Short text fragments from websites
::::

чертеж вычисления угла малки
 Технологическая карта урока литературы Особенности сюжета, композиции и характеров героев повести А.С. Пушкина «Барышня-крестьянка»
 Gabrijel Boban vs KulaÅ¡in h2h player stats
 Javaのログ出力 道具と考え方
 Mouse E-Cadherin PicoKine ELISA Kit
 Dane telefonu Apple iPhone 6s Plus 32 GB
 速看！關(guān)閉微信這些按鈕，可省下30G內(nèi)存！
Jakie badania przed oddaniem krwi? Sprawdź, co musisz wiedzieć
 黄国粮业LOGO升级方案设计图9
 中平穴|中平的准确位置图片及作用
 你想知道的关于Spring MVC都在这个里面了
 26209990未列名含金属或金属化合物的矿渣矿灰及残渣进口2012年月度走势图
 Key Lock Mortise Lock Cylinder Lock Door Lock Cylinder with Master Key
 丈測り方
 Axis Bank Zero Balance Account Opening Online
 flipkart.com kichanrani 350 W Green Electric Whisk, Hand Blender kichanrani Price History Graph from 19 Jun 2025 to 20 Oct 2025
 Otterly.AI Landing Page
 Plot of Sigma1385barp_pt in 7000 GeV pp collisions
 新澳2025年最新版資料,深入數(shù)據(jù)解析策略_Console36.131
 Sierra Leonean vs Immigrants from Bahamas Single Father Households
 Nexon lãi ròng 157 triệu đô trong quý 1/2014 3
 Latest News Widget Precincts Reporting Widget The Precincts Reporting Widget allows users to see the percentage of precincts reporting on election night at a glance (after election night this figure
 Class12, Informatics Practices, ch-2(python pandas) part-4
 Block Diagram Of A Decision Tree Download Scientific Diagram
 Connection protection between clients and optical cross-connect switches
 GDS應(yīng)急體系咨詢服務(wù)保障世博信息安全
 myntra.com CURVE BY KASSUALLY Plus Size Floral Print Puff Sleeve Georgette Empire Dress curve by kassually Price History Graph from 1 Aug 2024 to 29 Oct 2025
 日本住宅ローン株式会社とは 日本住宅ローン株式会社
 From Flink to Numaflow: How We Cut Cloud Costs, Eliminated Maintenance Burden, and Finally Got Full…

::::

**Exercise instructions**
All lines from the one containing "Otterly.AI Landing Page" to the end of the records, both ends included, should be printed exactly and on their own.

**Answer**
 Otterly.AI Landing Page
 Plot of Sigma1385barp_pt in 7000 GeV pp collisions
 新澳2025年最新版資料,深入數(shù)據(jù)解析策略_Console36.131
 Sierra Leonean vs Immigrants from Bahamas Single Father Households
 Nexon lãi ròng 157 triệu đô trong quý 1/2014 3
 Latest News Widget Precincts Reporting Widget The Precincts Reporting Widget allows users to see the percentage of precincts reporting on election night at a glance (after election night this figure
 Class12, Informatics Practices, ch-2(python pandas) part-4
 Block Diagram Of A Decision Tree Download Scientific Diagram
 Connection protection between clients and optical cross-connect switches
 GDS應(yīng)急體系咨詢服務(wù)保障世博信息安全
 myntra.com CURVE BY KASSUALLY Plus Size Floral Print Puff Sleeve Georgette Empire Dress curve by kassually Price History Graph from 1 Aug 2024 to 29 Oct 2025
 日本住宅ローン株式会社とは 日本住宅ローン株式会社
 From Flink to Numaflow: How We Cut Cloud Costs, Eliminated Maintenance Burden, and Finally Got Full…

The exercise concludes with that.